You can find my CV here.
Working Papers
Worker Displacement and Labor Market Success: Evidence from Forced Labor Conscription during WWII
Disruptions of labor market trajectories have lasting effects on later economic success. Displacement due to forced labor conscription is a disruption that remains understudied despite its continued prevalence in contemporary contexts. I investigate the consequences of exposure to forced labor conscription for individuals' long-term labor market outcomes. I exploit the fact that cohorts of Dutch civilians faced a differential probability of temporary labor coercion in Nazi Germany during WWII in a Regression Discontinuity Design. Using Dutch census data from 1971, I find that conscripted individuals have lower education, income, and probability of employment. Analyzing heterogeneous effects, I find that exposure to harsher conditions in Germany is associated with reduced labor force participation and poorer health. My findings suggest that the negative impact on labor force participation is mitigated when individuals are conscripted to work in sectors that are also present in the Netherlands, which enhances their ability to reintegrate into the workforce.

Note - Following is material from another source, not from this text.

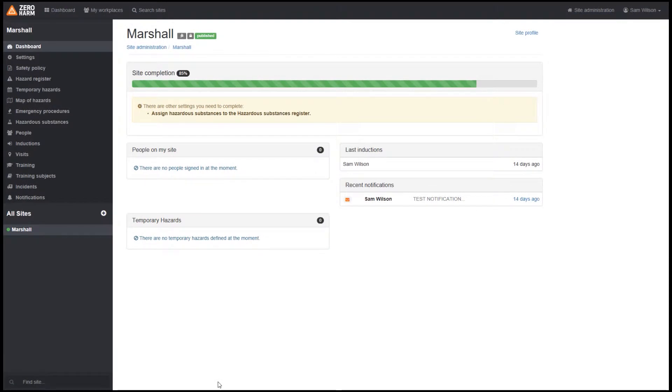Hello and welcome to a Zero Harm tutorial. In this video we'll be looking at hazardous substances. Hazardous substances is an important area which shows you all of your farm's hazardous substances.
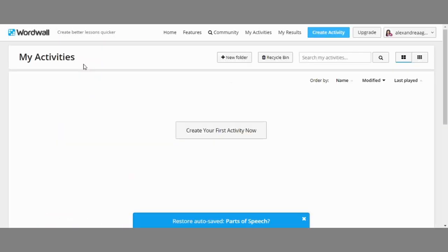After logging in, you will now see this page. Can you see this one in blue — sky blue rather? You're just going to click this one in order to create an activity, or over here at the center. Let's try it.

Missing Men and Women's Demand for Political Representation
with Barbara Boelmann
Over the past century, women have gained formal political rights, yet remain under-represented in leadership – partly due to lower demand for representation among women themselves. In this paper, we shift the perspective from why men extended political rights to women toward what shaped women's own demand for representation. Specifically, we study how male absence during World War I affected German women's demand for the franchise, exploiting exogenous variation in drafting intensity across regions for identification. To make demand for political representation directly measurable, we construct a newly digitised panel dataset of the universe of German suffragette clubs – a revealed-preference measure of demand, given the considerable costs of maintaining a club, especially under wartime restrictions on political activism. Our results show that women were more likely to keep suffragette clubs open in counties with greater male absence. This effect is driven by regions where women publicly led war relief efforts, pointing to agency and specifically women's experience in visible leadership roles as the central mechanism. We further show that this demand for representation persisted after the franchise was extended, with women more likely to run for parliament and to vote in counties with greater wartime male absence and a suffragette club.
Work in Progress
Rewriting the Social Contract: Elite Response to Labor Unrest
with Erik Hornung and Noam Yuchtman
We study how autocratic elites modify the social contract in response to social unrest. Elites in early 20th-century Prussia were legitimized through unequal voting rights but faced mounting threats of mass mobilization. Using labor strikes as a proxy for mobilization, we find that locations with higher revolutionary pressure witnessed increased spending on redistributive public goods, public bourgeois support for suffrage reform, and parliamentary support for franchise extension – conditional on bourgeois support. This correlational evidence is bolstered with placebo checks and a shift-share instrumental variable approach that relates industry-specific international commodity price changes to Prussian regions based on industry exposure.
Forced Melting Pot: Temporary Migration and International Cooperation
with Ann-Kristin Becker
This paper examines the effects of temporary migration on international cooperation. We explore this question within the context of forced migration in Germany during World War II. We exploit the quasi-random distribution of temporary migrants across German counties, which was not determined by prior migration patterns or existing ties. We find that a greater presence of temporary migrants from a given country increases social connectivity as well as the number of firm links and joint patents between German counties and the forced migrants' countries of origin in the post-war period when migrants had returned home. We further show that this effect persists when ties are institutionalized via town twinning. These findings show that even coercive, temporary migration can foster lasting international cooperation when embedded in formal institutions.